Réunion du 16 juin 2009 à 17h00
Commission des affaires étrangères

Rama Yade, secrétaire d'état chargée des affaires étrangères et des droits de l'homme :

Le référendum fixant l'échéancier électoral en cours était une farce. Comment imaginer, en plein cyclone, qu'un scrutin rassemble 93 % de taux de participation ? L'absurdité de l'opération invalide le processus électoral défini par la junte. Si des élections avaient tout de même lieu en 2010, la même indignation s'exprimerait. Au demeurant, nous ignorons encore si la LND participera à ces élections, sachant que ce parti ne dispose pas de terrain d'expression publique et se trouve marginalisé. Or notre réaction dépendra aussi de l'option que choisira la LND.

Avec les sanctions, nous sommes allés au bout de ce qu'il était possible de faire, mais, si les pays asiatiques prennent le contre-pied de notre action, celle-ci restera vaine. Une réflexion est en cours pour déterminer s'il convient d'aller plus loin. Les pays européens sont divisés entre ceux qui le voudraient et ceux, notamment en Europe du Nord, qui pensent que les sanctions économiques nuisent à la population et qui plaident pour un renforcement de l'aide humanitaire. En vérité, nous attendons de connaître le sort d'Aung San Suu Kyi, dont l'assignation à résidence devait prendre fin le 27 mai, quelques jours avant que le nageur américain qui s'était ainsi rendu à son domicile ne fournisse un prétexte à l'arrestation de cette dernière. En fonction du verdict qui sera prononcé – maintien en détention, prolongation de l'assignation à résidence ou libération –, nous analyserons les différentes réactions possibles, notamment sous forme de sanctions. Gel des transactions financières, renforcement de l'embargo sur les ventes d'armes, placement sous séquestre des revenus gaziers ? Nous verrons le moment venu quelles sont les options retenues.

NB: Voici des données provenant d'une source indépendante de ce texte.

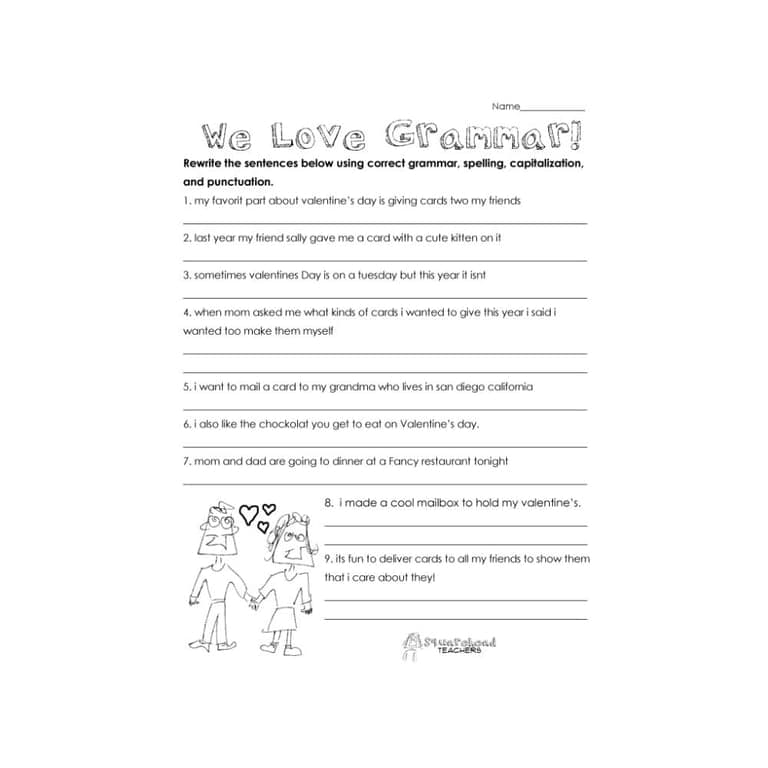 Elementary school Worksheet | Valentine’s Day Grammar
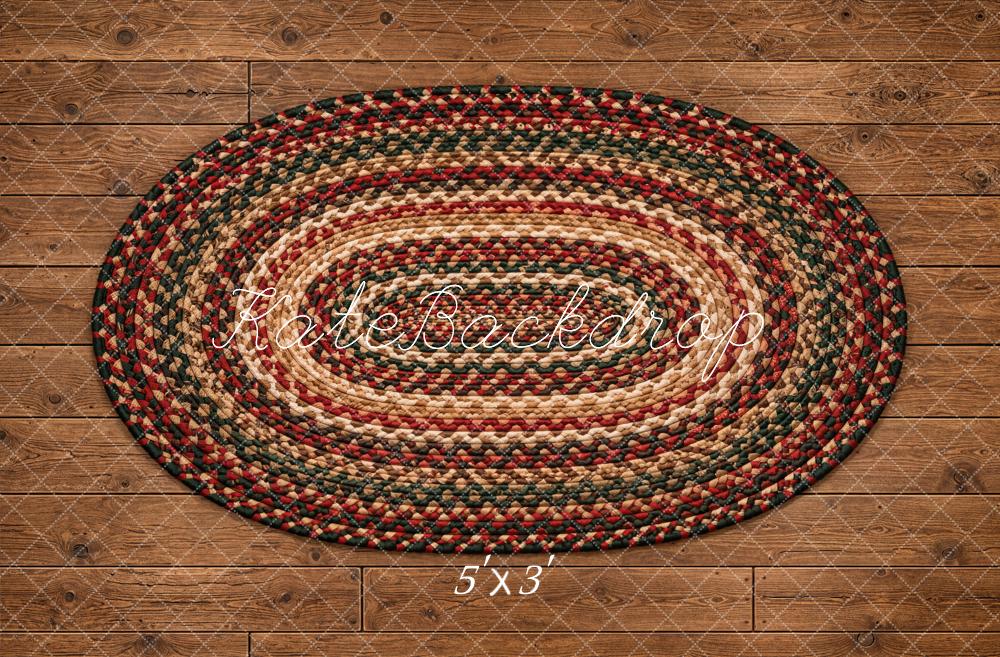 Kate Rustic Wood Planks Braided Oval Rug Floor Printed Backdrop Designed by Kate Image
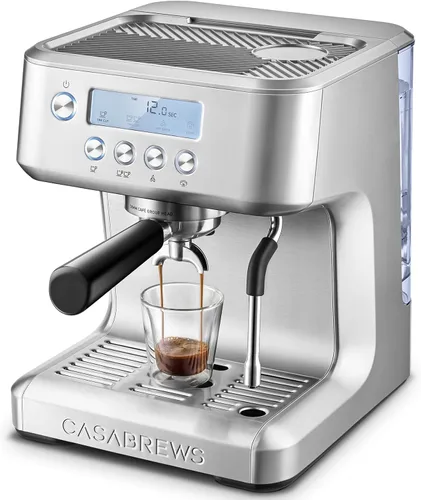 Vista 10 de CASABREWS Máquina de café expreso ultra con pantalla LCD, cafetera de espresso de 20 barras con potente espumador de leche, temperatura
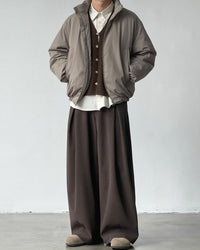 Pantaloni con pinces a gamba larga in misto lana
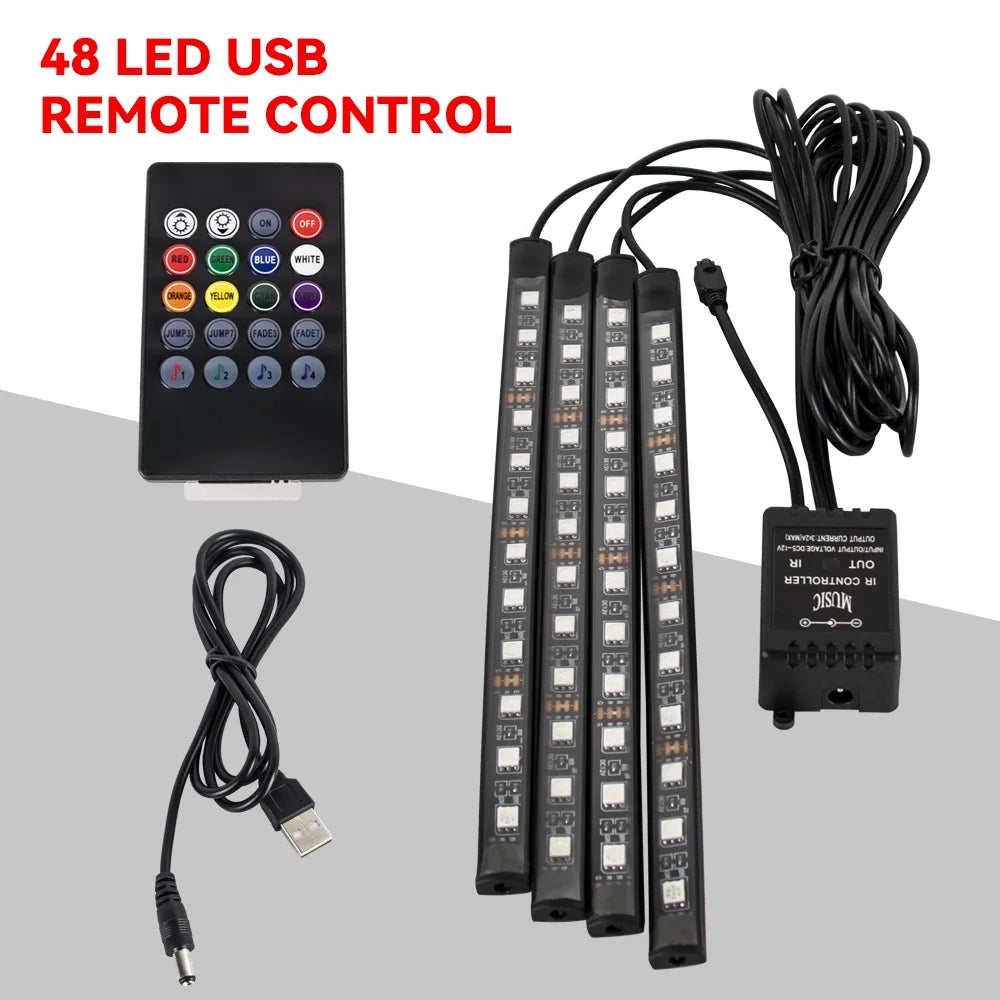 Lampe d'ambiance LED pour l'intérieur de la voiture, 36, 48, 72 LED, lumière de pied, télécommande sans fil, contrôle par application musicale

La France a toujours demandé au groupe Total de respecter scrupuleusement les principes directeurs de l'OCDE, l'Organisation de coopération et de développement économiques, édictés à l'intention des entreprises internationales. La compagnie s'est engagée dans un programme humanitaire significatif dans sa zone d'activité. Suite à la répression de septembre 2007 contre les bonzes, le Président de la République avait lancé un appel très clair aux entreprises françaises leur demandant de ne pas procéder à de nouveaux investissements en Birmanie, y compris dans le secteur des hydrocarbures. Total est l'un des partenaires du consortium qui exploite le champ gazier de Yadana, avec Chevron, une entreprise thaïlandaise et une entreprise birmane. D'autres zones sont prospectées ou exploitées par des entreprises étrangères, notamment sud-coréennes et chinoises. Si Total devait vendre ses parts et quitter la Birmanie, elle serait immédiatement remplacée par une autre entreprise, qui ne serait pas forcément animée par des préoccupations humanitaires et sociales, et les autorités birmanes continueraient de percevoir le produit des impôts. Mais la présence de Total pose un problème symbolique, d'où de multiples rencontres avec M. Christophe de Margerie. Si Total s'en va et qu'Aung San Suu Kyi reste en prison, on peut se demander si nous ne risquons pas de perdre sur les deux tableaux, celui de nos intérêts économiques et celui des droits de l'homme. En outre, cela ne serait-il pas susceptible de créer un précédent et d'inciter les ONG à demander aux entreprises françaises et européennes de quitter les autres pays où les droits de l'homme ne sont pas respectés ? L'impact d'un retrait de Total sur la junte dépendrait de l'ampleur de l'opération, de la réaction des autres entreprises internationales implantées en Birmanie et de la position des pays asiatiques. Sur un tel sujet, la réponse ne saurait être oui ou non ; nous y réfléchissons.

Le cas de Zarganar fait partie de ceux que nous avons soumis à la junte birmane. Zarganar fait partie des 600 militants des droits de l'homme condamnés il y a quatre mois à des peines d'emprisonnement très longues, allant jusqu'à vingt voire trente ans de prison. Ces condamnations sont intervenues un an après la libération d'un millier de prisonniers, qui avait fait illusion.